Visiting the Lorraine Motel and meeting Ms. Smith in person this summer provided a singular opportunity to witness how one person was living out her commitment to fulfilling Dr. King's dream. After meeting Ms. Smith and visiting her website, I remembered a picture of Dr. King that hung on a wall in my family's Jamaica Queens apartment from the time I brought it home in about the fifth or sixth grade until my second year in graduate school if my memory serves me well. Printed on a thin sheet of paper similar to what can be found at a fast food restaurant, the image was a right-facing headshot of Dr. King, and running along the right margin was an excerpt from his "I Have a Dream" speech. When it first arrived at our house in the mid 80s the contrast between the brown inks used to color in Dr. King's face and the text and the ivory background was noticeable. By the time my mother took down our kitchens impoverished equivalent to a stain glass mural in 2000, the entire thing was yellow. Roughly fourteen years of smoke emitting from mom cooking boulette, griyot, marinad, and sundry other Haitian dishes conspired to give that picture its color.

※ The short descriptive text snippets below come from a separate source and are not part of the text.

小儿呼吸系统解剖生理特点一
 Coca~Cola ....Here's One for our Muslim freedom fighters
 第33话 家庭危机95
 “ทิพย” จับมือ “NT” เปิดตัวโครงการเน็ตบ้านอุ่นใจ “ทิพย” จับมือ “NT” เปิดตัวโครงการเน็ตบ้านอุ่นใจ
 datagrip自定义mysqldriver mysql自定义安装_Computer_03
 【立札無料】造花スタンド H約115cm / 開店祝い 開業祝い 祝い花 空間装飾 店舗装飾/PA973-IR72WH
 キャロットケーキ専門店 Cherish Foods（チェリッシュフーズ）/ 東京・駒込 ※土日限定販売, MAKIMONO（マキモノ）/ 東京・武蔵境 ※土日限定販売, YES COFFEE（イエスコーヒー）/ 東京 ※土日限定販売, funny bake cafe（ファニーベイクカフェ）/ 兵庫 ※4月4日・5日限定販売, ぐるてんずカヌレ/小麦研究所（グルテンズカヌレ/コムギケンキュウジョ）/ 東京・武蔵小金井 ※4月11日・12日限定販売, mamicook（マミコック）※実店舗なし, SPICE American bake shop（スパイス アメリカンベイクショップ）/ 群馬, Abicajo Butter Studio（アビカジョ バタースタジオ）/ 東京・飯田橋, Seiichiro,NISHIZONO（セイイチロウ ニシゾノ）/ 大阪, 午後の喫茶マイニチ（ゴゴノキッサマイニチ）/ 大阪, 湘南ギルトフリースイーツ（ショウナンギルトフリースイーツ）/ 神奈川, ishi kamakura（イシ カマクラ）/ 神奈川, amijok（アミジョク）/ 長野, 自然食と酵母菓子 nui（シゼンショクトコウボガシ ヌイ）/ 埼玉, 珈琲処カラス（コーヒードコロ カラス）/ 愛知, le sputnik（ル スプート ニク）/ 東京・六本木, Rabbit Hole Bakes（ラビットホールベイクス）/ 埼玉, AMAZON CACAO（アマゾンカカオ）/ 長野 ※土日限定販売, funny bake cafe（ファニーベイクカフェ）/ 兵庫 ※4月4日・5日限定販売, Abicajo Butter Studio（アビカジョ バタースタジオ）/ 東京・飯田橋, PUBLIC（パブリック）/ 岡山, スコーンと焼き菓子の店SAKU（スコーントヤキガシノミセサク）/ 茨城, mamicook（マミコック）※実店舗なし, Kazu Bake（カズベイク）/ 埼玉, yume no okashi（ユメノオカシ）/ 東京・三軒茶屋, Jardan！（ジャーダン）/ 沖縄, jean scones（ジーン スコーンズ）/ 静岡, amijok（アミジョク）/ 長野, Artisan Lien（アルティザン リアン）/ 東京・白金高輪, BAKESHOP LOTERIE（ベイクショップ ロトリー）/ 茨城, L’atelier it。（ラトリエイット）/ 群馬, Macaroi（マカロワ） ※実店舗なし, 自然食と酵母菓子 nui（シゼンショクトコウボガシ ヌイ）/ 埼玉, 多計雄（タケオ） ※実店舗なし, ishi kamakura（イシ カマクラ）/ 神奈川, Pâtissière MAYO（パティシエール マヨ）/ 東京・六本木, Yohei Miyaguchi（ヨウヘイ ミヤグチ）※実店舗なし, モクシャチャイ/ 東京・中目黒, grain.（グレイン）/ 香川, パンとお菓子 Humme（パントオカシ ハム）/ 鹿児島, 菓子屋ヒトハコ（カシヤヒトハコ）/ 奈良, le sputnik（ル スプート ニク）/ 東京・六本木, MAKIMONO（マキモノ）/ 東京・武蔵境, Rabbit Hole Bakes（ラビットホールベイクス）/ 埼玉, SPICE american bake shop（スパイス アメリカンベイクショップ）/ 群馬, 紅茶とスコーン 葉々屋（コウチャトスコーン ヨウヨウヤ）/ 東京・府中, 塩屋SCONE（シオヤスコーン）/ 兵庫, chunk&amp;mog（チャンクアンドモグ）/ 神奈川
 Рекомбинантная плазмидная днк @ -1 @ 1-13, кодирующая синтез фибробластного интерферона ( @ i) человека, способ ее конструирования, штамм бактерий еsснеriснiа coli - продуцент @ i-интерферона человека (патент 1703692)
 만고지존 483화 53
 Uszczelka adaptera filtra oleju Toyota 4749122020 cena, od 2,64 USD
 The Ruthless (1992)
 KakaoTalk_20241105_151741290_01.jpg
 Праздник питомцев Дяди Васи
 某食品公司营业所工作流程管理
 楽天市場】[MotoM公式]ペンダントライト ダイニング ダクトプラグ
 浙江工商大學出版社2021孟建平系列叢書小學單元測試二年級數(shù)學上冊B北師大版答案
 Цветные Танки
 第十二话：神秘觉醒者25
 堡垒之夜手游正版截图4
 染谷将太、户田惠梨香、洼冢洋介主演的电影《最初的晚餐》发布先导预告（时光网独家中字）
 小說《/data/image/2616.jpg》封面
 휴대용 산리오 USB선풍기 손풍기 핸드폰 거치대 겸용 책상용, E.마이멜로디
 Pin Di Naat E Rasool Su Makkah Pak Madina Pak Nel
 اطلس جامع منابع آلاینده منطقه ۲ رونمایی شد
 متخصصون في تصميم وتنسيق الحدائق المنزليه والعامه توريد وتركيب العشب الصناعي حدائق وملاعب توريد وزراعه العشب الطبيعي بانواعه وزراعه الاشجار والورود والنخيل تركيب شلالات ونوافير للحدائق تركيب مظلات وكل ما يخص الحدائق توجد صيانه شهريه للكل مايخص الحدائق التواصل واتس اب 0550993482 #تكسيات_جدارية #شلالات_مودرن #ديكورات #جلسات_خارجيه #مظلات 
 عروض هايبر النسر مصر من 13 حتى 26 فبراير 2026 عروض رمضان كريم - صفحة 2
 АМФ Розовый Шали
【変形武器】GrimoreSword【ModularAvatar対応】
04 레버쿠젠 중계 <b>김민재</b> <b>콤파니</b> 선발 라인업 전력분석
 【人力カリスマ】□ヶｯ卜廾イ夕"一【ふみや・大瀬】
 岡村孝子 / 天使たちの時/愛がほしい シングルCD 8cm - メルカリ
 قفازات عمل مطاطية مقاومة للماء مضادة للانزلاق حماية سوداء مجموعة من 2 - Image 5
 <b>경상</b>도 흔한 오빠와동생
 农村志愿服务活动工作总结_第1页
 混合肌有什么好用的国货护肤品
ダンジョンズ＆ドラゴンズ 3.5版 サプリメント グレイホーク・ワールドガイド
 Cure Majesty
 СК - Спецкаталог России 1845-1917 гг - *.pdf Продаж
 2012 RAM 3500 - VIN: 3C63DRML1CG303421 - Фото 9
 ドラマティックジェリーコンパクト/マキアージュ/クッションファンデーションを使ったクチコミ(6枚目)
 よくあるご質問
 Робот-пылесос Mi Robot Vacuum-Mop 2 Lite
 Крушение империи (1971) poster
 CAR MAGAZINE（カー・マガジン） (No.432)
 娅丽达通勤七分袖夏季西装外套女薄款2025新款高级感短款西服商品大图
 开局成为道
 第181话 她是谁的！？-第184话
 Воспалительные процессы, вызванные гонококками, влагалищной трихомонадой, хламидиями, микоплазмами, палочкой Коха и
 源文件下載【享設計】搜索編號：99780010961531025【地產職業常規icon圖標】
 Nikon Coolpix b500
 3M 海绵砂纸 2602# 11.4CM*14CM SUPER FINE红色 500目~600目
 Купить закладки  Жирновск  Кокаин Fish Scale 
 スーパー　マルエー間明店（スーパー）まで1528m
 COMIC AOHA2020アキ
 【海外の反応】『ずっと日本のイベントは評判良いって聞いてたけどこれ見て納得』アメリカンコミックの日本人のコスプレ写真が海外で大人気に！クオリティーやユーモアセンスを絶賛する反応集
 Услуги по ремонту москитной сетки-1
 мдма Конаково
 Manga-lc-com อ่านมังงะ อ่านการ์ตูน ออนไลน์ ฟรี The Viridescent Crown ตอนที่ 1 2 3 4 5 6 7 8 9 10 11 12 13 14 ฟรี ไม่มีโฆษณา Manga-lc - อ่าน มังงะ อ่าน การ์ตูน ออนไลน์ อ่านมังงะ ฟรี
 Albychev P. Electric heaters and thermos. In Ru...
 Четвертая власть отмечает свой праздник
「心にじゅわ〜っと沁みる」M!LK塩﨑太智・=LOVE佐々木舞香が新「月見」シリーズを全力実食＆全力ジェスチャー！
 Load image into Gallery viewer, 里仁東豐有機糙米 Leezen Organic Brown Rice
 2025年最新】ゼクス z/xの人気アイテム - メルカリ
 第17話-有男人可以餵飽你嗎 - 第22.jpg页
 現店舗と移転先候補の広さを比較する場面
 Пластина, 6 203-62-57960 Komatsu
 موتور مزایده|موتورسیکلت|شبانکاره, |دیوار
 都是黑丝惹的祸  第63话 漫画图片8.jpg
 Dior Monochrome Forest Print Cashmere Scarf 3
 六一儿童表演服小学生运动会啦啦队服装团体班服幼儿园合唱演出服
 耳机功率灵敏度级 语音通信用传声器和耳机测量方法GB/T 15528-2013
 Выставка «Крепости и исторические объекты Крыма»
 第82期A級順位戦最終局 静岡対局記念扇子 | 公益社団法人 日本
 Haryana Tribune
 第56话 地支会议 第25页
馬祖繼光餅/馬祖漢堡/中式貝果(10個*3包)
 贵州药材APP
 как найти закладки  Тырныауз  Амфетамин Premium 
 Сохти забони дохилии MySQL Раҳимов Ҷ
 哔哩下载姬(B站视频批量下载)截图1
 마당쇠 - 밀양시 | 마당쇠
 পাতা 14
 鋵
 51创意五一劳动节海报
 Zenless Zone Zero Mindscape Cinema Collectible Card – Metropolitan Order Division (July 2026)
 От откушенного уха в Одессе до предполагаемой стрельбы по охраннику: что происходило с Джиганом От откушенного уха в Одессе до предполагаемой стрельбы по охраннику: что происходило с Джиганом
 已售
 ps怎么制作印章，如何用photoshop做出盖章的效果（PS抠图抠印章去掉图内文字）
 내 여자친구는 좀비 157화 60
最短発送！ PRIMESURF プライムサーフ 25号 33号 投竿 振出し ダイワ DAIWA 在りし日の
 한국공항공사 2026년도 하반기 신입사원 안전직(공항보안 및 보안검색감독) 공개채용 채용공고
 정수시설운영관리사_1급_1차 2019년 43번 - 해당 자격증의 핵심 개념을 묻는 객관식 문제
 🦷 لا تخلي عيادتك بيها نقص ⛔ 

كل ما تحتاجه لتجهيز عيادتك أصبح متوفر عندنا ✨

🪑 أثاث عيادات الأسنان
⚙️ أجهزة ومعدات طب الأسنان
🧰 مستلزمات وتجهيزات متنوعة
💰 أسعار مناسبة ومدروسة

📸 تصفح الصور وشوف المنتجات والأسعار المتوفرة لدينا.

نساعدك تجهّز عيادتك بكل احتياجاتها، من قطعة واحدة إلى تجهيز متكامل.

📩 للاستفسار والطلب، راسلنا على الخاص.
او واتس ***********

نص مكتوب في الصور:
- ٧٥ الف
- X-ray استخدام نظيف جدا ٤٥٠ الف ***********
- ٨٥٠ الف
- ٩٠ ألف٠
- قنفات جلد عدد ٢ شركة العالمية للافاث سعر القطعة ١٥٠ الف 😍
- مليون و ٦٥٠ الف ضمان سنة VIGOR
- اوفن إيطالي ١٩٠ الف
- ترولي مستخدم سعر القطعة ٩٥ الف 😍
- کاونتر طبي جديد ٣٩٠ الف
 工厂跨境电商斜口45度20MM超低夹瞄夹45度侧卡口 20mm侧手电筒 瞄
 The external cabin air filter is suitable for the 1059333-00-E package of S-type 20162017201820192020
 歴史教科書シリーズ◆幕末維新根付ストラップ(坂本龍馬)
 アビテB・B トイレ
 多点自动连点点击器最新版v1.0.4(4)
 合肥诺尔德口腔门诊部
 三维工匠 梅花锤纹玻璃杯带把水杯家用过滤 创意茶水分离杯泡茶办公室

We never bothered to frame it; instead deciding to simply let it reside on our kitchen wall fastened by the same four thumbtacks that my dad used when he put it up, and which we put right back in place each time our apartment received a fresh coat of paint.

I do not recall any conversations between them regarding this image that rested on our wall like the silhouette of a dear relative. For fourteen years it rested on the wall, soaking in everything we ate, drank, dad's barrage of cigarettes, and likely, everything we said.

Somewhere in between the scents ingested by that portrait, Ms. Smith's conviction, and the ceremonies taking place at civic organizations across the country today stands the true spirit Dr. King's "dream." Whether you observe the holiday at a church, your kitchen or the Lorraine Motel, remember the hearth that Dr. King sought to ignite lay not inside a building but within our hearts.